Tips for Nested Master Pages and VS 2005 Design-Time
One of the cool advanced features of the new Master Pages feature in ASP.NET 2.0 is the ability to nest them. For example, you could define a top-level master-page called “MainMaster.master” that defines a common logo header and footer, and defines a content-placeholder for the page called “content”. You could then define two sub-masters beneath it – one that provides a two-column layout model for the content (“TwoColumnMaster.master”), and one that provides a three-column layout model (“ThreeColumnMaster.master”). These two nested-master pages could then use the MainMaster.master file as the root master, and only adjust the layout within its content section (each would fill in the "content" placeholder and in turn add their own content-placeholders for sub-pages within it). The benefit of this approach is that if a designer ever changed the logo or top-level design of the site, they only have to update one file (MainMaster.master) and then have every page on the site automatically pick it up regardless of what master file they were based on.
This nested model is pretty cool and powerful, and allows arbitrary levels of nesting. The only downside is that VS 2005 only supports nested master page editing in source-view, and doesn’t support it in the WYWSIWYG designer (note: obviously it does support editing them when the master-pages are not nested).

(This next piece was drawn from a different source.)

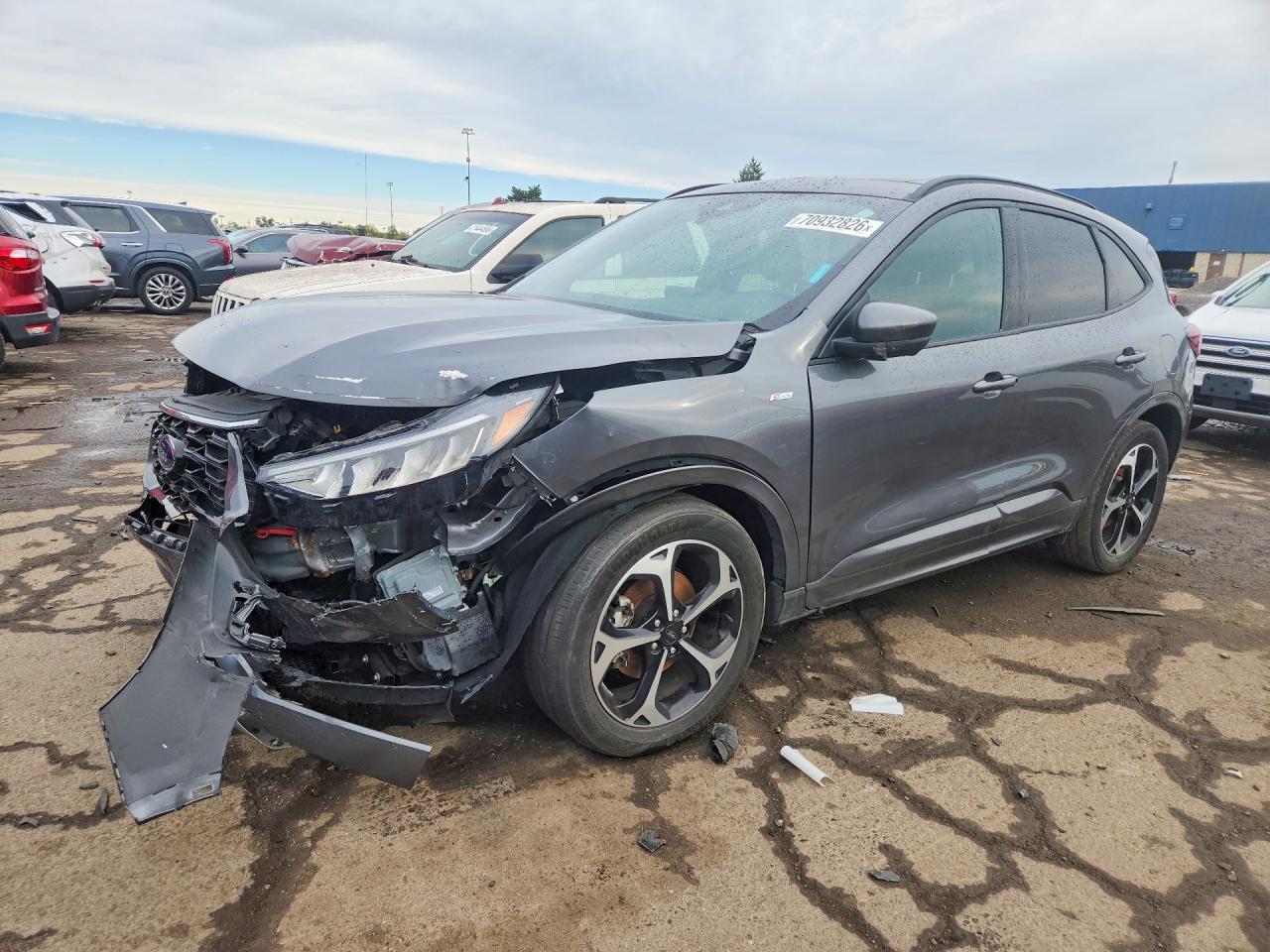 2024 FORD ESCAPE ST LINE SELECT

There is a cool tip/trick, though, that will allow you to load a design-surface for a page that uses nested master-pages. This will allow you to use all of the control-designers and smart-tasks in design-view for the page (for example: to perform data-binding, auto-format things, and use any of the control wizards), and not have to change any-code to test it at runtime.
The tip/trick works by adding a base-page class to your project or solution that defines a new property called “RuntimeMasterPageFile” of type string. The base-class then overrides the page’s “OnPreInit” method and uses this property to set the Page object’s MasterPageFile at runtime:
public class BasePage : System.Web.UI.Page {
private string runtimeMasterPageFile;
public string RuntimeMasterPageFile {
get {
return runtimeMasterPageFile;
}
set {
runtimeMasterPageFile = value;
}
}
protected override void OnPreInit(EventArgs e) {
if (runtimeMasterPageFile != null) {
this.MasterPageFile = runtimeMasterPageFile;
}
base.OnPreInit(e);
}
}
Once a code-behind class derives from this base class, it becomes possible for a developer to set this “RuntimeMasterPageFile” property in the .aspx file’s <%@ Page %> directive (note: the CodeFileBaseClass also needs to be set to the base class to enable this):
<%@ Page Language="C#"
MasterPageFile="~/Test.master" RuntimeMasterPageFile="SubMaster.master" CodeFileBaseClass="BasePage"
AutoEventWireup="true"
CodeFile="Default.aspx.cs"
Inherits="_Default"
Title="My Page Title" %>
You’ll notice that the above page now has two master-page file directives – the usual “MasterPageFile” directive that VS will use at design-time, and then the custom RuntimeMasterPageFile directive that will override this at runtime. What this allows you to do is point the page at a “test.master” file at design-time that is a single-nested page with contentplaceholder controls that match the names in your nested master. You can then switch to design-view and edit the content and all controls on your page. When you run the page, though, it will use the nested “submaster.master” (or any other master page you specify) to run.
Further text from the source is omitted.